5. Do not have a working P&L to evaluate various Price Levels &


Unit Sales mix. While this appears to be elementary, you will be
surprised how many organisations run large and complex spreadsheet
based models which only a specific analyst can drive to extract
relevant metrics. Every Brand Manager and Sales Manager must have
a simple spreadsheet to evaluate various pricing scenarios by simply
changing a few of the variables.

PRICING DECISIONS TAKING INTO CONSIDERATION THE


FOLLOWING: -
LEVEL OF COMPETITION:
Parle has one of the bestselling and the most widely distributed product in the
biscuit market – Parle G. The product has won many distribution awards in the
past few years and it is known for its packaging as well as for its variants in
price. Hence the biscuit sells in low end as well as middle level markets.
Others like Marie, Hide and seek and Monaco also sell in huge amounts.
However, Britannia has some power house products in its portfolio like
Bourbon, good day, little hearts, 50 50 and others. The competition amongst
these two brands is evident when each has a variant of Marie biscuits. Parle’s is
known as “Marie” and Britannia’s is known as “Marie gold”

SUBSTITUE PRODUCTS:
There are numerous substitutes to chocolate product that transcend by consumer
categories. Based on these result, it can be determined that the threat of
substitutes in FMCG industry for biscuit products is high.
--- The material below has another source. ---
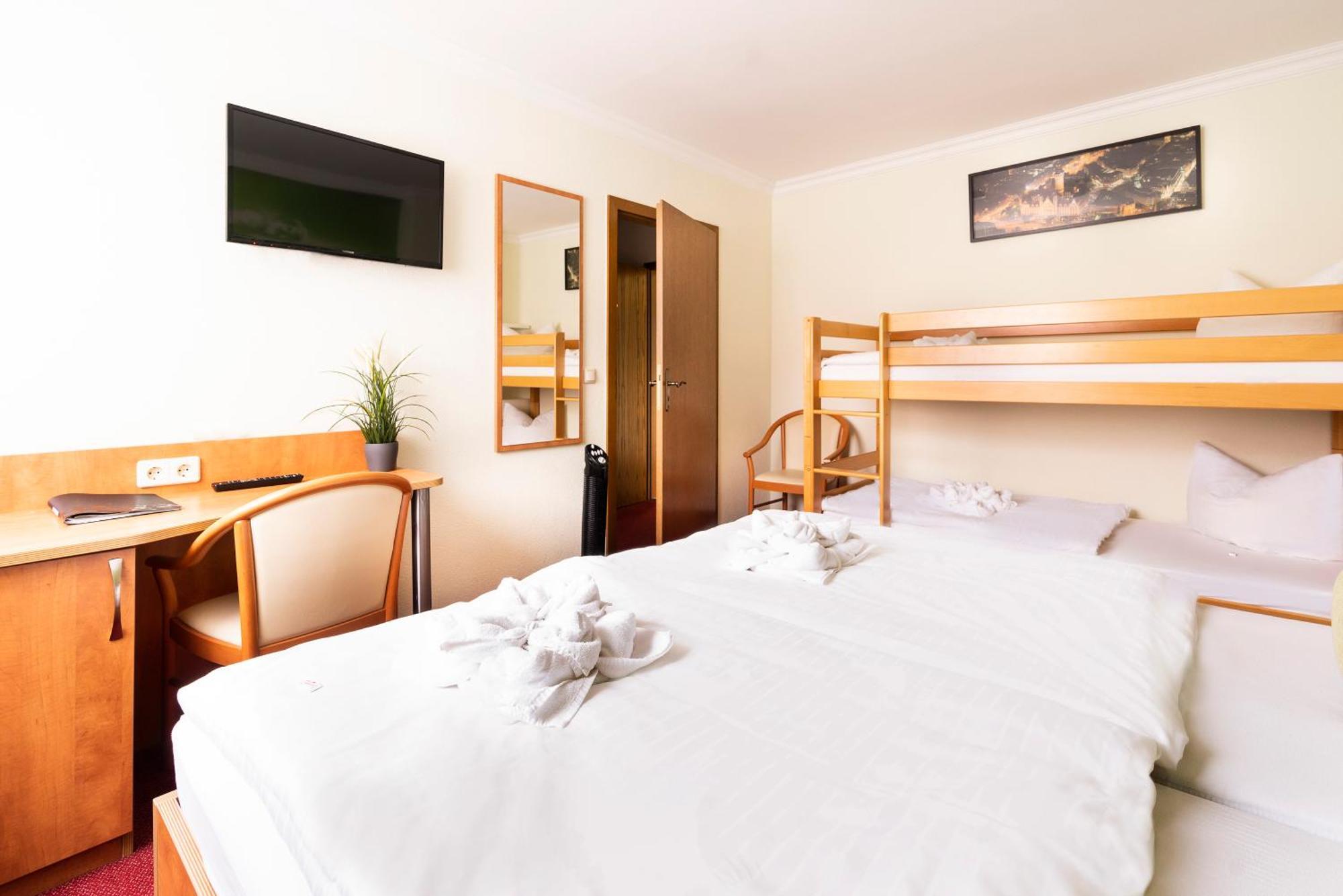 Cityhotel Bernburg  Zimmer foto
Furthermore, other
product substitutes that can be threatening the biscuit industry including non-
biscuit snacks such as biscuits, crisps, frozen dairy products, savoury snacks.
These snacks pose a threat as indulgent foods are based purely on consumer
preference. Frequently, customer purchase substitutes product to seek
alternatives from obesity due the biscuit products. For example, for those
customers with a sweet tooth taste are preferred to purchase both fresh products
such as dried fruit and yoghurt and who favour savoury snacks they like to eat
popcorn, nuts, rice cakes and seeds. Moreover, as we know biscuit also have
advantages for our health with supply energy in body. In this context,
competitors can implement new product that provide energy by increasing
insulin level with water such as energy drinks also can be considered substitutes
as they have similar affects as chocolate. So the Parle sets its prices to an extent
that it sustains in the market.

TARGET CUSTOMERS:

Parle mainly focusses upon targeting people from rural and semi-urban areas.
The target market segment is from people of middle income age groups.
Consumers of parle are from all age groups. Thus, it aims at catering to the
needs of market that occupies people from low/mediocre disposable incomes.